Starletka - bardzo wysokie obroty na zimnym silniku

  
Sortuj wg daty:
rosnąco malejąco
Witam wszystkich na forum. Jestem tu nowy i mam taki problem z moją gwiazdką, że na zimnym silniku ( a jest to 1.3 XLi silnik 2E-E rocznik 91') obroty są tak wysokie, że aż czasami trudno włączyć I bieg. Po rozgrzaniu silnika obroty się normują. Jest to trochę uciążliwe i pali w mieście jak smok (ok. 9l teraz, a co bedzie zimą?)
Co może być przyczyną? Może ktoś z was miał podobny problem?

Mam moją starletę od miesiąca i chce ją mieć jak najdłużej, bo to super autko.
  
 
w carince oborty na zimnym 1800-1900 po krótkim czasie spada do 1500 by po chwilce (1-2min) ustabilizowałuy się na poziomie fabrycznych ca. 850-900
w starletce podejrzewam, że jest podobnie
P.S. jeśli jezdzisz bardzo ktrótkie(kilka km i gasisz) trasy w mieście (na zimnym silniku) to nie dziw się że tyle pali
  
 
CarinaGTI

No dobrze ale u mnie jest jakieś ok.2500 obrotów i zachowuje się tak jak bym trzymał wciśniety pedał gazu. No wyje silnik jak holera. A jak silnik trochę ostygnie (wskazówka prawie na minimum) to też zapala na ok. 1800 obrotów ale trochę krócej.
Zachowuje się tak jak by mu było zimno i dawał maksymalną dawkę paliwa jak zimą. Termostat jest sprawny.

A to chyba nie jest normalne.
  
 
priv
  
 
Mam taka samą starletke - obroty na zimnym silniku to cos koo 1800 a na rozgrzanym z 800. Jeśli auto po rozgrzaniu zmniejsza obroty i mowisz ze pozniej jak ostygnie to spowrotem lapie wysokie obroty to w/g mnie cos z czujnikiem temperatury - takowy wkrecony w blok silnika z odchodzacym jednym kabelkiem po prawej stronie w okolicy aparatu zaplonowego tylko nizej - zobacz czy sie nie wyczepil.

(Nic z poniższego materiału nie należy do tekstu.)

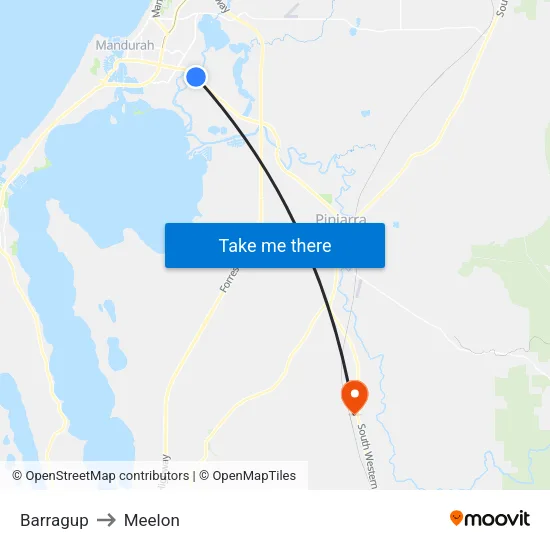 Barragup to Meelon map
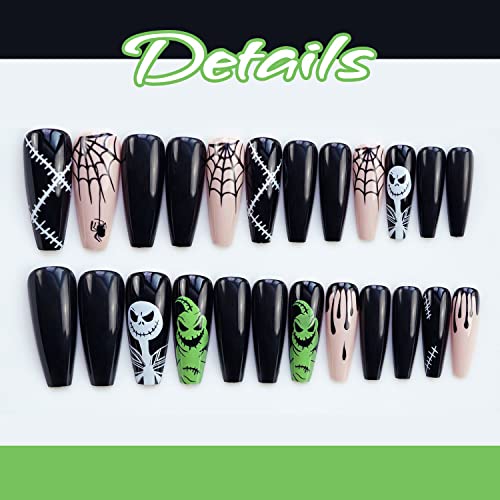 Halloween Long Coffin Spider Web Fake Nails Set - Black Blood Design, Variation 199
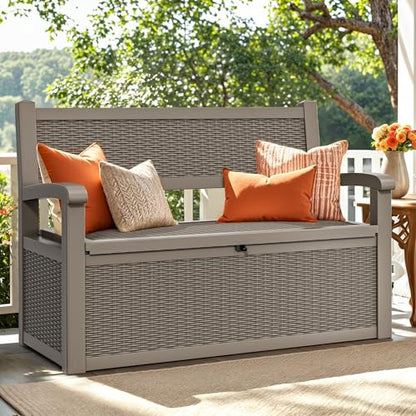 YITAHOME 70 Gallon Deck Bench with Storage - color: Brown, size: 80Gallon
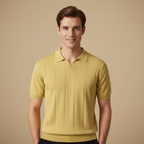 Men's short sleeved knitted v-neck polo shirt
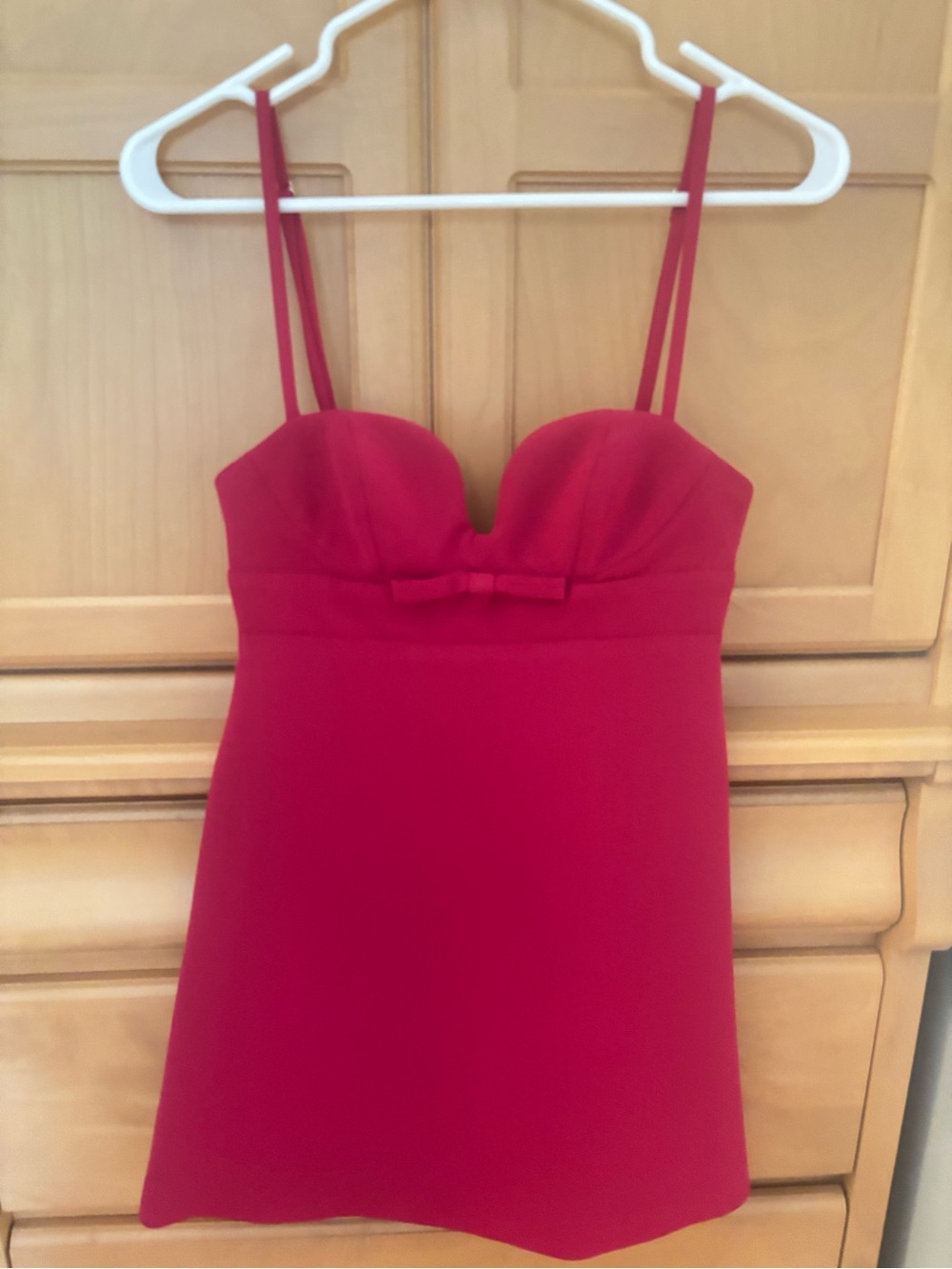 Mango Red Spaghetti-Strap Mini Dress with Bow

A ja przetestuje jak sie silnik zachowuje z odlaczonym tym czujnikiem moze tak samo a to bedzie wskazywalo na wadliwa jego prace.
P.S. czy auto jak sie nagzeje osiaga kiedykolwiek nizsze obroty w okolicy 1000 ? - bo moze masz rozregulowane wolne obroty srobke podkrecona bardzo wysoko albo cus ...

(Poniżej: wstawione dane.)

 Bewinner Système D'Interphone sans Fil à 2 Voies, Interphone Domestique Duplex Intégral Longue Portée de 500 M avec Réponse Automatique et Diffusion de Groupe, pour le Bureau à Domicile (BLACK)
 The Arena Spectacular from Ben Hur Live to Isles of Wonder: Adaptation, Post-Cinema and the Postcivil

[ wiadomość edytowana przez: Tomaszkoss dnia 2004-09-09 20:06:20 ]
  
 
Tomek jest tak a więc dzisiaj okazało się, że jednak walnięty był termostat ale tak, że się otwierał za wcześnie i wychładzał mi silnik. A wyszło to jak jechałem w nocy ok. 120 km/h i miałem włączone ogrzewanie to po 50 km silnik tak się schłodził, że wskazówka spadła prawie do minimum i jak wrzuciłem na luz to mi się ssanie włączyło (obroty wzrosły) i jak się znowu trochę nagrzał to się wyłączyło. Po wymianie temperatura jest ok. i się szybciej nagrzewa silnik i już tak długo nie trzyma ssania. Więc jest super.

Pozdrawiam i Dzięki za Pomoc.

P.S. Wiesz może jakie ten silniczek ma obrotki max.(6000 czy 6500 obr.) i czy jak się zgrzeje to trochę się trzęsie.